Start of SUPPLIED RECORDS

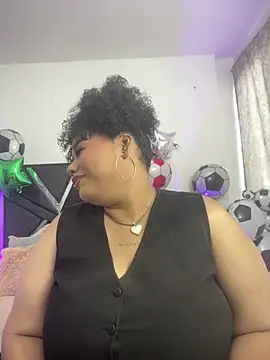 SunniieeFrequency online show from June 2026 08:22:02 PM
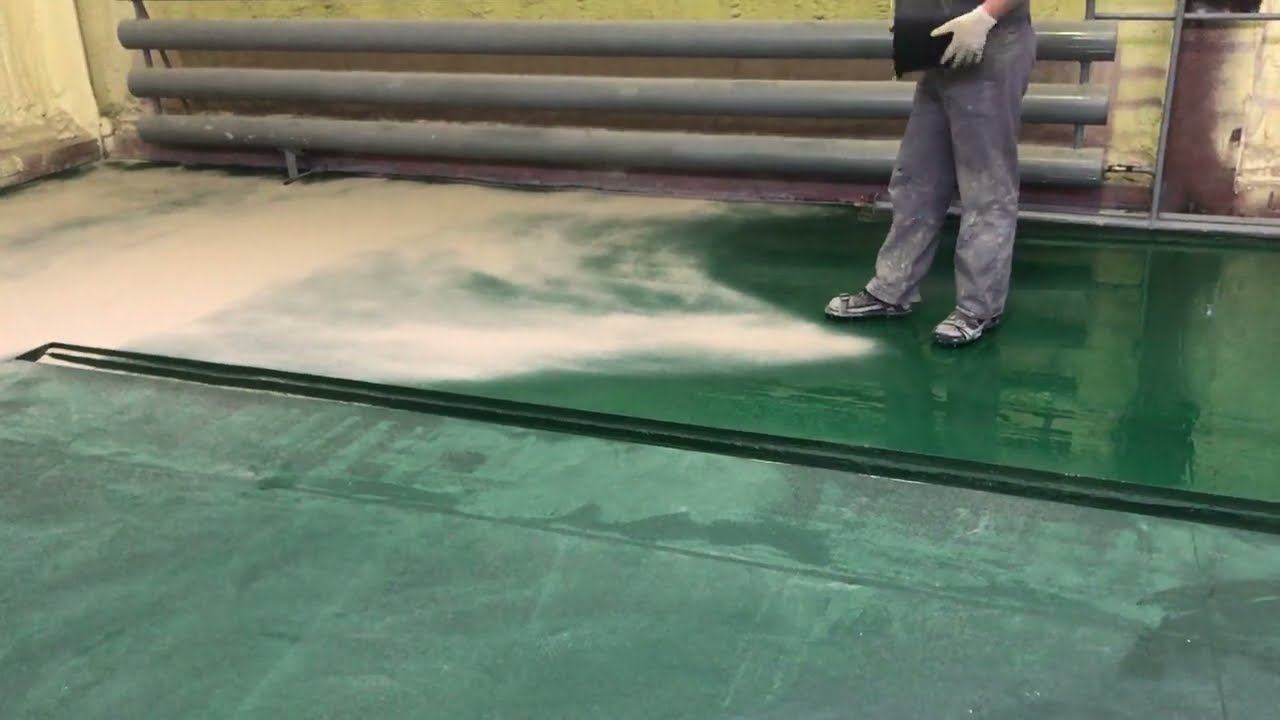 Промышленные полы с кварцевым песком. Присыпка кварцевого песка в качестве армирующего слоя. смотреть онлайн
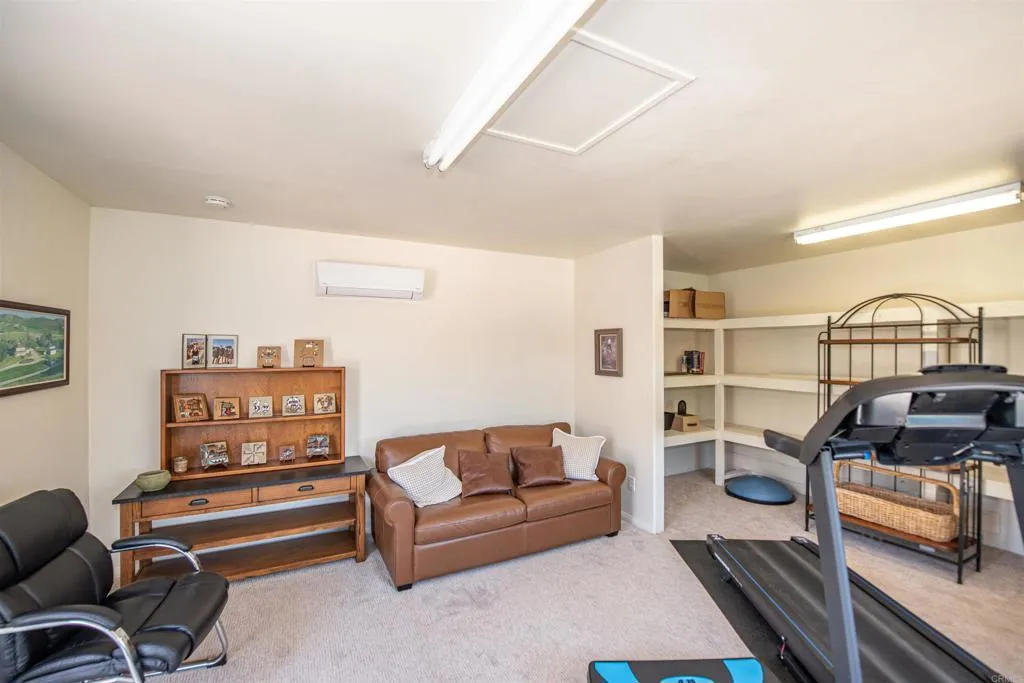 https://cdn.realtyfeed.com/cdn/127/306728558/d214876d8224ac039629db319ccb74cf.webp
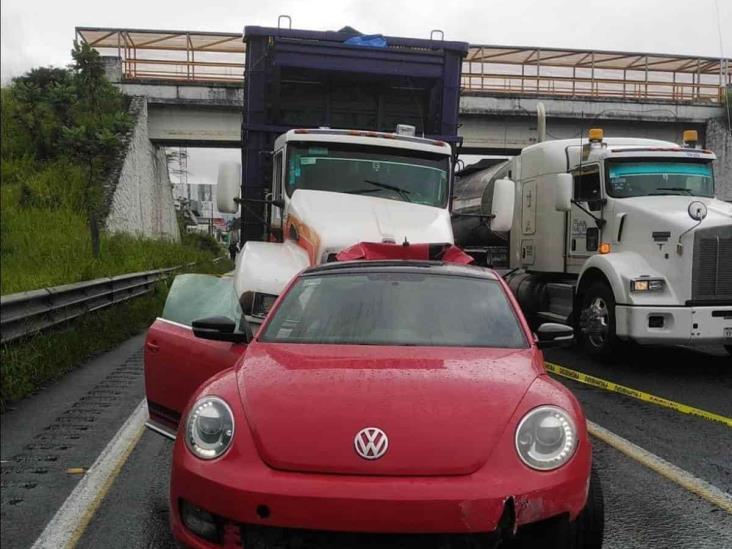 Terrible accidente en la Puebla-Córdoba; una mujer fallecida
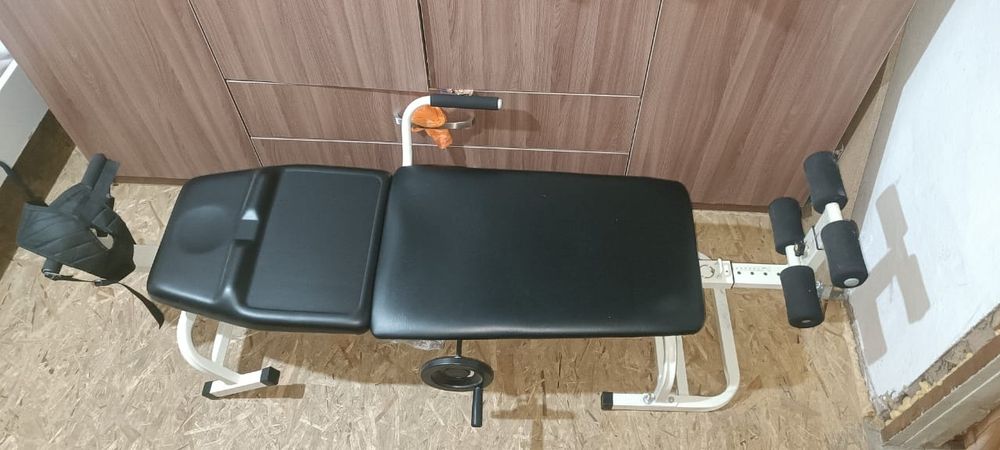 Продам горизонтальный тракционный стол в отличном состоянии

End of SUPPLIED RECORDS

Leave every image out, and retype the material exactly.

_EXPECTED OUTPUT_:
 SunniieeFrequency online show from June 2026 08:22:02 PM
 Промышленные полы с кварцевым песком. Присыпка кварцевого песка в качестве армирующего слоя. смотреть онлайн
 https://cdn.realtyfeed.com/cdn/127/306728558/d214876d8224ac039629db319ccb74cf.webp
 Terrible accidente en la Puebla-Córdoba; una mujer fallecida
 Продам горизонтальный тракционный стол в отличном состоянии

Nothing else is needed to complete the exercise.